What is wanted is the full listing, word for word, without its pictures.

§ **Given data**:
================

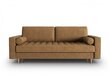 Trīsvietīgs mākslīgās ādas dīvāns Micadoni Home Gobi, gaiši brūns cena un informācija | Dīvāni | 220.lv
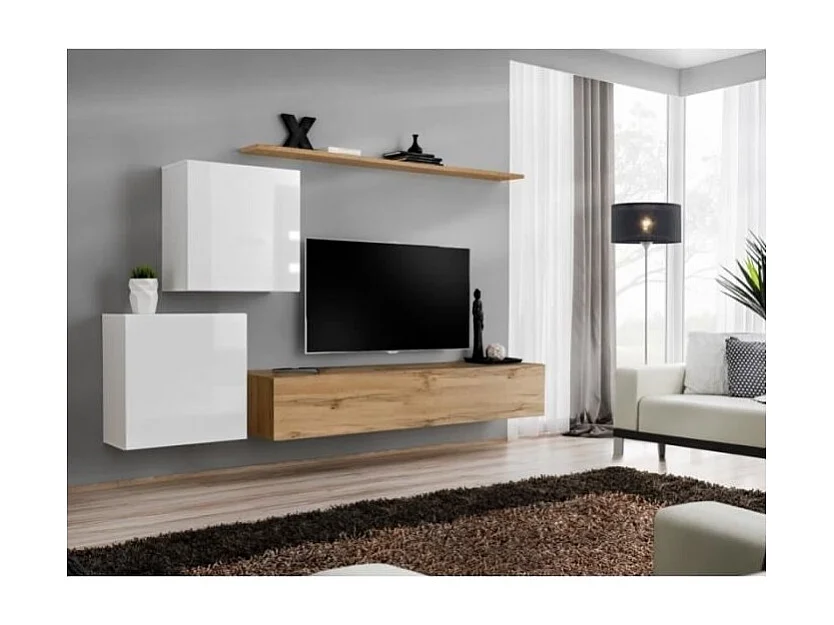 Ensemble de meubles suspendus pour votre salon collection SWITCH V. Coloris chêne Wotan et blanc brillant.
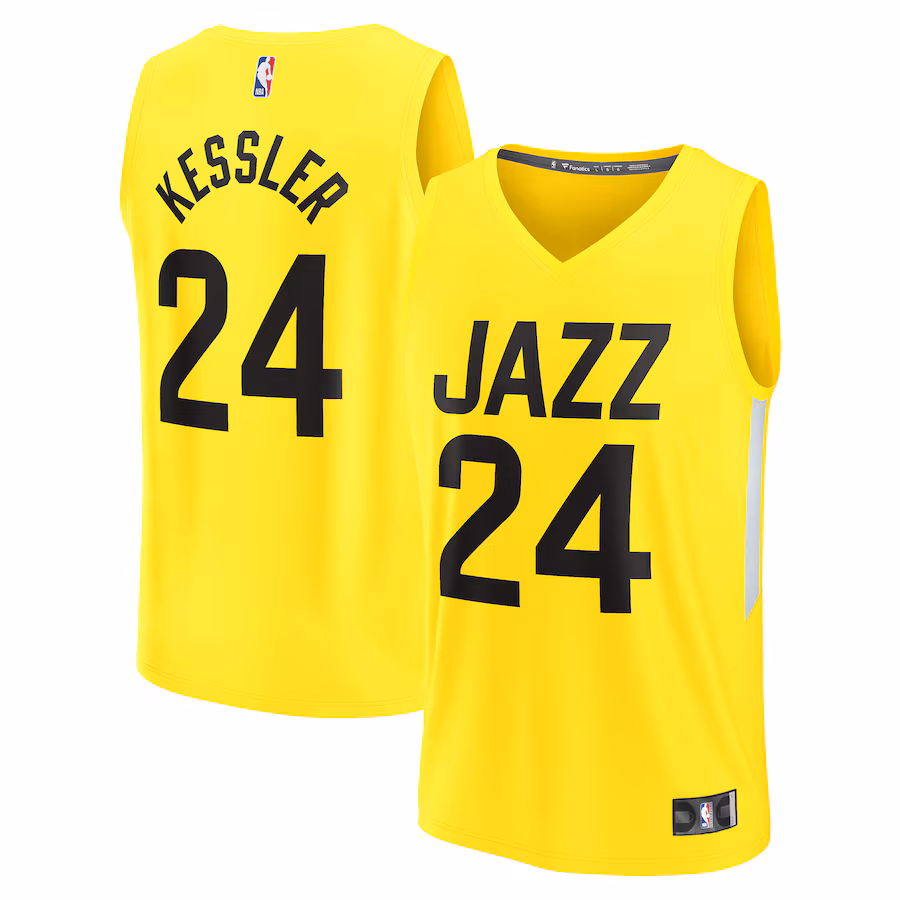 Men's Utah Jazz Walker Kessler Fanatics Yellow Fast Break Replica Player Jersey - Icon Edition - Jersey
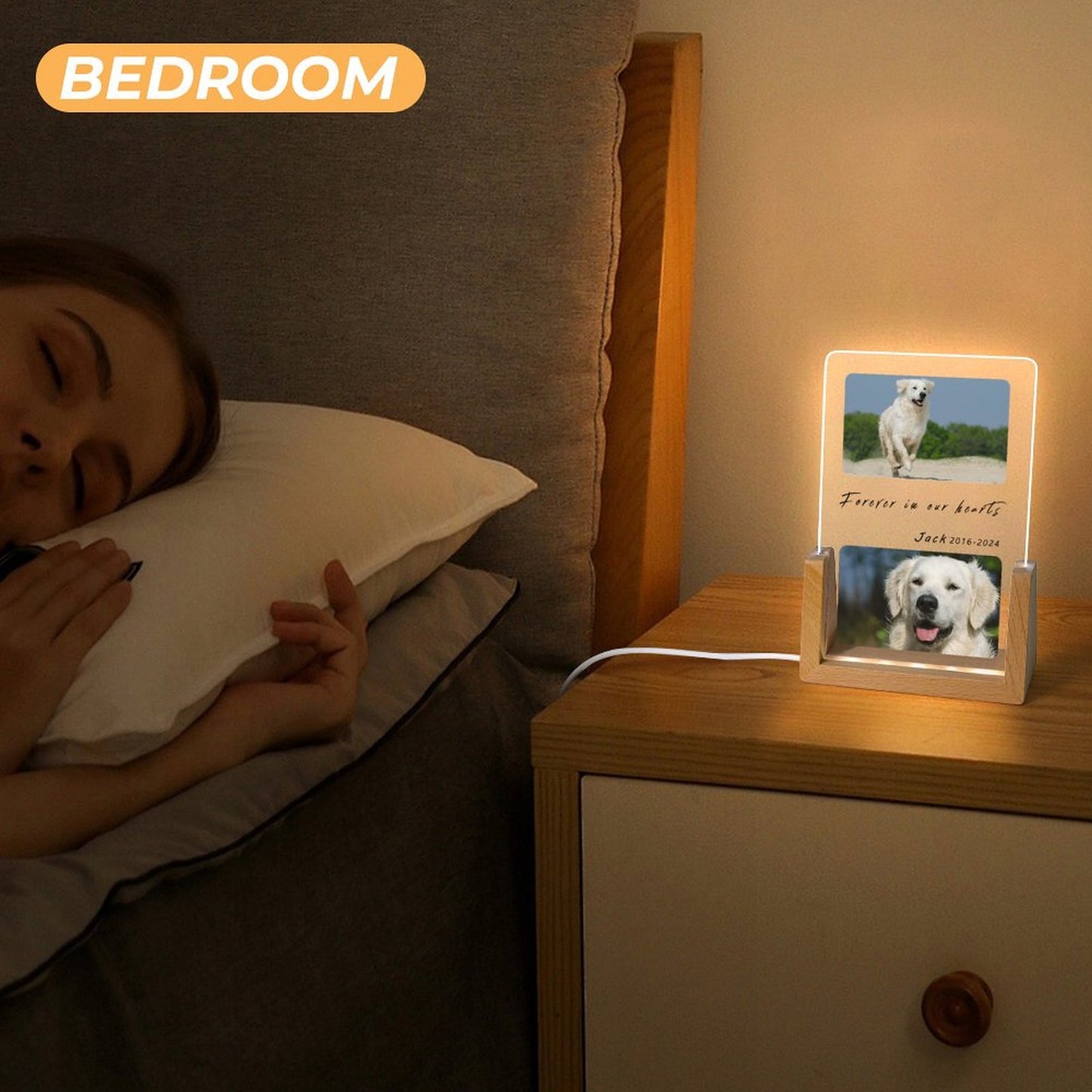 Custom Pet Photos Forever in Heart Memorial Acrylic Night Light-WEPRINTME-3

================

§ **Solution for this task**:
 Trīsvietīgs mākslīgās ādas dīvāns Micadoni Home Gobi, gaiši brūns cena un informācija | Dīvāni | 220.lv
 Ensemble de meubles suspendus pour votre salon collection SWITCH V. Coloris chêne Wotan et blanc brillant.
 Men's Utah Jazz Walker Kessler Fanatics Yellow Fast Break Replica Player Jersey - Icon Edition - Jersey
 Custom Pet Photos Forever in Heart Memorial Acrylic Night Light-WEPRINTME-3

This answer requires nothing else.